In 1973, an African easterly wave completed tropical cyclogenesis into a tropical depression while still inland over Guinea, some hours before the system's center crossed over from the African mainland to the Atlantic Ocean, where it later developed into Tropical Storm Christine.

In 1978, a tropical depression formed a few miles away from the coast of Texas and developed into Tropical Storm Amelia over Texas and caused flooding.

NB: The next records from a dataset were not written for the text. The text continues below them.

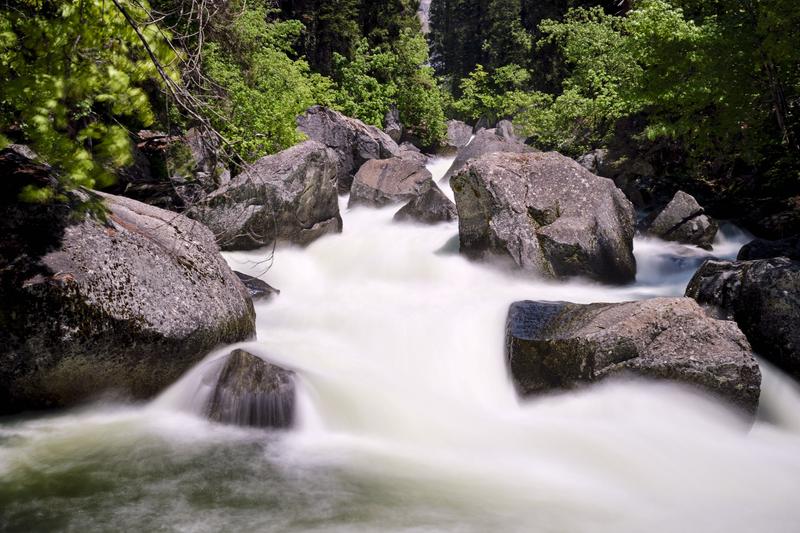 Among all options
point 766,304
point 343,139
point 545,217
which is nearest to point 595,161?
point 545,217

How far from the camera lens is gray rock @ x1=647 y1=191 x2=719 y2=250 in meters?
11.3

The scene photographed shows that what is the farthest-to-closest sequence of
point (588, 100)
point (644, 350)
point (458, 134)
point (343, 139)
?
1. point (458, 134)
2. point (343, 139)
3. point (588, 100)
4. point (644, 350)

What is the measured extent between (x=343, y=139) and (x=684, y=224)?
37.1ft

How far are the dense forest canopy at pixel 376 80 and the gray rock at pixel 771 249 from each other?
2140mm

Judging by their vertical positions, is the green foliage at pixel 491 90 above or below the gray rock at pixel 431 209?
above

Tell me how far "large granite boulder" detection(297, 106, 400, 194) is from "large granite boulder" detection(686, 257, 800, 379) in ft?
42.9

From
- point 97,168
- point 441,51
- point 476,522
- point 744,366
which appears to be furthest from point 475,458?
point 441,51

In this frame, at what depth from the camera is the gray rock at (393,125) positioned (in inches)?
984

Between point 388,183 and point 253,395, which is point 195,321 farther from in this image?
point 388,183

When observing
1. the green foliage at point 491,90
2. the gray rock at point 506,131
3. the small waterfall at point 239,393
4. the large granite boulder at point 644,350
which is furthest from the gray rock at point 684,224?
the green foliage at point 491,90

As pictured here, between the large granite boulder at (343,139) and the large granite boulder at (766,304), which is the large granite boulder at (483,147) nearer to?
the large granite boulder at (343,139)

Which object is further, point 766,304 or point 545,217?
point 545,217

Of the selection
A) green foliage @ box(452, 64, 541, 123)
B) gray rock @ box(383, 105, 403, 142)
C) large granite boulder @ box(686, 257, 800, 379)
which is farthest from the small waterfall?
green foliage @ box(452, 64, 541, 123)

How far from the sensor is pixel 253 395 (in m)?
5.19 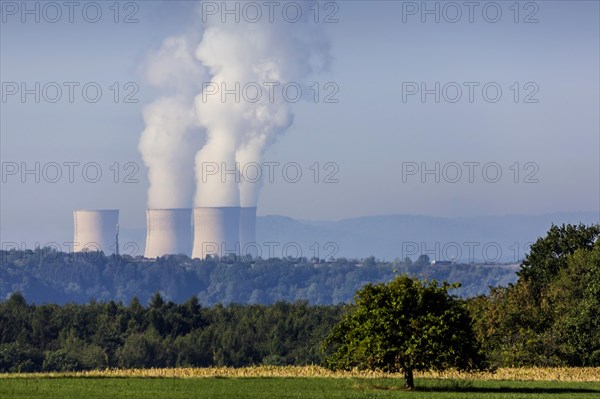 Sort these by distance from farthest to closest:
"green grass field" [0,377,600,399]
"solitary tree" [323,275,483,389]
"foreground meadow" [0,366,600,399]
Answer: "solitary tree" [323,275,483,389] < "foreground meadow" [0,366,600,399] < "green grass field" [0,377,600,399]

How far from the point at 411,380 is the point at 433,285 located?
5040mm

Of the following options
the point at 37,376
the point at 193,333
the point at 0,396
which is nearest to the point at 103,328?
the point at 193,333

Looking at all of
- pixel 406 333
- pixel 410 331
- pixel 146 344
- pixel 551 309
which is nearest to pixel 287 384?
pixel 406 333

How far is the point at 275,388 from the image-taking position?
65812 mm

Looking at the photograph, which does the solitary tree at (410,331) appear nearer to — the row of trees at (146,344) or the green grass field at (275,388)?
the green grass field at (275,388)

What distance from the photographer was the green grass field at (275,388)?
199 feet

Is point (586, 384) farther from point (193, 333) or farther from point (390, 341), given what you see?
point (193, 333)

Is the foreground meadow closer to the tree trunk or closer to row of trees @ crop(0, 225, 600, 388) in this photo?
the tree trunk

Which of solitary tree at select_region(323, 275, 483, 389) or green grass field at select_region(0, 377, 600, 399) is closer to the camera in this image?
green grass field at select_region(0, 377, 600, 399)

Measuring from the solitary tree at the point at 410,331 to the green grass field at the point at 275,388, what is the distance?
1347 millimetres

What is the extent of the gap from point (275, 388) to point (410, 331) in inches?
295

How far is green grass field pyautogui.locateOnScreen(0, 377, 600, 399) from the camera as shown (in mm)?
60719

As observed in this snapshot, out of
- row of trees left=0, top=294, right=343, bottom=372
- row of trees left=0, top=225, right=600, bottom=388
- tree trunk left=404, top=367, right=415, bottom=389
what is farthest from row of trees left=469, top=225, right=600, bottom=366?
row of trees left=0, top=294, right=343, bottom=372

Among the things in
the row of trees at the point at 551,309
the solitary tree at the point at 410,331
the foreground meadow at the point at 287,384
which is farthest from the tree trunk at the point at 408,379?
the row of trees at the point at 551,309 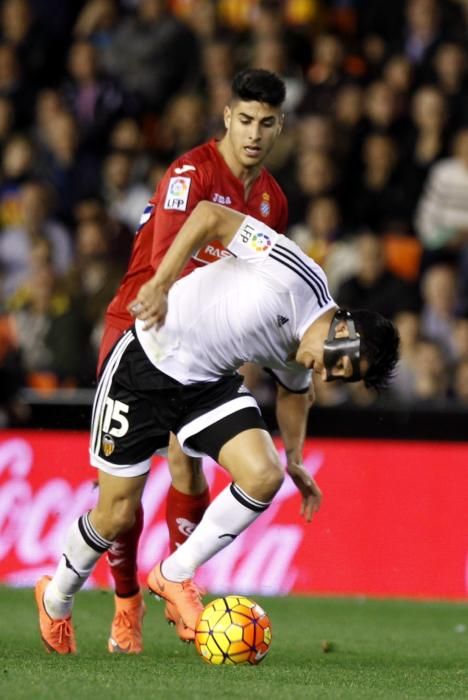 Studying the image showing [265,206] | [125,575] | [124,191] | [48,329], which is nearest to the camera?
[265,206]

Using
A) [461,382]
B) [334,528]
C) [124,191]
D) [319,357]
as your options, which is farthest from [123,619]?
[124,191]

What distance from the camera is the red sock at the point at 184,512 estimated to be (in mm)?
7609

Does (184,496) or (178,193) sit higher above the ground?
(178,193)

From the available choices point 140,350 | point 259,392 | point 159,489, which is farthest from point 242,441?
point 259,392

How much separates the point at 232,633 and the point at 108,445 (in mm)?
989

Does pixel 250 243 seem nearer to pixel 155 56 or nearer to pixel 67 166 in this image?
pixel 67 166

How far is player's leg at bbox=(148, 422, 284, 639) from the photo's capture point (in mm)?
6598

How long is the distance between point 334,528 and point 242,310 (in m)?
4.37

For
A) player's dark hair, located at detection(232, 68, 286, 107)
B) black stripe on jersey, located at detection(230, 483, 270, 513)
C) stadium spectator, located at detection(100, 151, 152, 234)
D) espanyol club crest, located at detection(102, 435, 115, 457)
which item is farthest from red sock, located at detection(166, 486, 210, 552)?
stadium spectator, located at detection(100, 151, 152, 234)

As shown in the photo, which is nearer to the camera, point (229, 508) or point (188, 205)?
point (229, 508)

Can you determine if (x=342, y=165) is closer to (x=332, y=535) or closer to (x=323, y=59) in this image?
(x=323, y=59)

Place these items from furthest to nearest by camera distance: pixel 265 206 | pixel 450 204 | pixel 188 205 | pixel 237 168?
pixel 450 204 < pixel 265 206 < pixel 237 168 < pixel 188 205

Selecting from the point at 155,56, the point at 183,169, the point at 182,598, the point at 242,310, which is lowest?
the point at 182,598

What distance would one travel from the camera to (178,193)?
7.02 metres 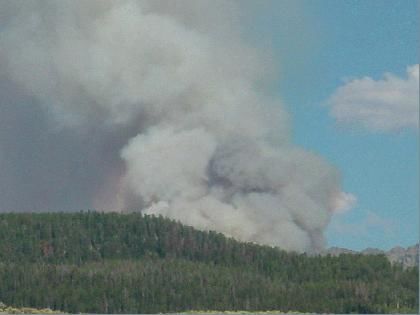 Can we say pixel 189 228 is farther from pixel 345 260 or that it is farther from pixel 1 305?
pixel 1 305

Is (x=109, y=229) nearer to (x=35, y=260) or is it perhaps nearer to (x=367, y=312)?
(x=35, y=260)

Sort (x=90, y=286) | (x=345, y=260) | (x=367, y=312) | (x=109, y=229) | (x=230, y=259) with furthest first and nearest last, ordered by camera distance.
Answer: (x=109, y=229) < (x=230, y=259) < (x=345, y=260) < (x=90, y=286) < (x=367, y=312)

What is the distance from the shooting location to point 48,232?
198 feet

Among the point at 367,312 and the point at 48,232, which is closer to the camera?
the point at 367,312

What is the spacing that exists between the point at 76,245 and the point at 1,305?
12765 mm

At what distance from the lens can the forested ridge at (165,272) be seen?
4794cm

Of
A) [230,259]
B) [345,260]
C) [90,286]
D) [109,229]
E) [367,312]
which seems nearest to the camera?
[367,312]

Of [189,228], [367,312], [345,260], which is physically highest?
[189,228]

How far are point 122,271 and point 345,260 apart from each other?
356 inches

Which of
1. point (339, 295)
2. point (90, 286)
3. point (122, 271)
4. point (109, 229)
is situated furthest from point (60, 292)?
point (109, 229)

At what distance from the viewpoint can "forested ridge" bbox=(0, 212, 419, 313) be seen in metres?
47.9

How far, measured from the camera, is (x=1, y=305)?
4684 cm

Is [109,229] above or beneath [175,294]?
above

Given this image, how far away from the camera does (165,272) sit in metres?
53.5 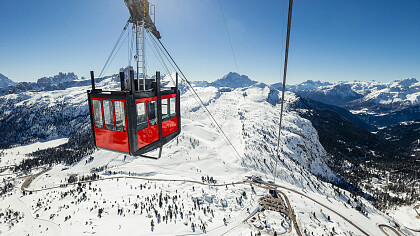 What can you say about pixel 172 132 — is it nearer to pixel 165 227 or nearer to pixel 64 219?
pixel 165 227

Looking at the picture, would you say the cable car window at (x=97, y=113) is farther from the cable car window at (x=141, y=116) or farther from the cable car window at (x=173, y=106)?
the cable car window at (x=173, y=106)

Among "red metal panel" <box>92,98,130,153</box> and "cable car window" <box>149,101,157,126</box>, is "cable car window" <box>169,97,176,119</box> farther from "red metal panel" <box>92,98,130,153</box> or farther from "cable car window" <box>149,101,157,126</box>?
"red metal panel" <box>92,98,130,153</box>

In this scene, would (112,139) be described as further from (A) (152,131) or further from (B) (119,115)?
(A) (152,131)

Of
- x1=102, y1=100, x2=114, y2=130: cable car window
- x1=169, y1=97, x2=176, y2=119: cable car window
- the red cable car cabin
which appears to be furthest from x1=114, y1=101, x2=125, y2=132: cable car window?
x1=169, y1=97, x2=176, y2=119: cable car window

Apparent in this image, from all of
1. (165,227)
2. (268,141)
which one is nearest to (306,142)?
(268,141)

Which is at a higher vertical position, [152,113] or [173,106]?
[173,106]

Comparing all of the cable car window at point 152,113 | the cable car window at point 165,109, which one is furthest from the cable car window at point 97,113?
the cable car window at point 165,109

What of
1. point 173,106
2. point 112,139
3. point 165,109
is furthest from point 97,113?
point 173,106

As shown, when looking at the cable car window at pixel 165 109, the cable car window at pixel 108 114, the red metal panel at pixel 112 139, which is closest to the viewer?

Amelia slightly strengthened over land before weakening and fizzling out, however it maintained strength and even came as close as developing an eye like feature, as well as having bursts of convection.

2005's Tropical Storm Arlene made landfall near Pensacola, Florida, where it remained a tropical depression and it held its intensity and structure for two more days as it traversed inland, where it finally dissipated near Flint, Michigan.

2005’s Hurricane Katrina made its first landfall in Florida on August 25 on the southern end of the peninsula. It held its intensity and only weakened slightly.

Tropical Storm Erin in 2007 intensified over central Texas, eventually forming an eye over Oklahoma. Tropical Storm Erin gained even more traction as it travelled across the plains, a rare feat as most tropical storms weaken as they go farther inland. Andersen states "Until events like Erin in 2007, there was not much focus on post-landfall tropical cyclones unless they transitioned. Erin really brought attention to the inland intensification of tropical cyclones."

Tropical Storm Fay strengthened to near hurricane strength upon landfall over the Florida mainland and briefly forming an eye-like feature before weakening. The cause of this was the waterlogged terrain of South Florida, specifically Lake Okeechobee and the Everglades.

Saturated soil conditions from the 2015 Texas–Oklahoma flood and tornado outbreak sustained Tropical Storm Bill for a longer period of time.

In 2016, Tropical Depression Eleven made landfall in Eastern Florida. While over land, it became the first tropical cyclone to reach tropical storm strength while over Florida, where it was named Julia.

Tropical Cyclone Kelvin in 2018 made landfall over Western Australia and developed a clear eye while continuing to strengthen, despite moving over the Great Sandy Desert, where most tropical cyclones rapidly weaken. The strengthening was assisted by the affected areas already experiencing record or near-record rainfall due to the preceding Cyclones Hilda, Joyce, and Low 11U passing over the same area in the months leading up to Kelvin.

Tropical Storm Alberto in 2018 maintained its status as a tropical depression for over two days after landfall, before becoming post-tropical over Michigan.

Tropical Storm Claudette formed just prior to landfall on southern Louisiana on June 19, 2021, possibly from the moist soils from recent flooding. The system weakened to a tropical depression before it restrengthened back to a tropical storm inland over North Carolina on June 21, 2021.

Hurricane Ida in 2021, which struck Louisiana, continued to maintain Category 4 winds some four hours after landfall.

Cyclone Ellie of 2022–2023 maintained tropical depression status days after landfall and even restrengthened into a tropical storm for a short amount of time over Western Australia.

Hurricane Helene in 2024 was able to move quickly through Florida, Georgia, and the Carolinas due to the brown ocean effect.

Cyclone Luana in 2026 was able to maintain tropical cyclone status well inland over Western Australia due to the brown ocean effect.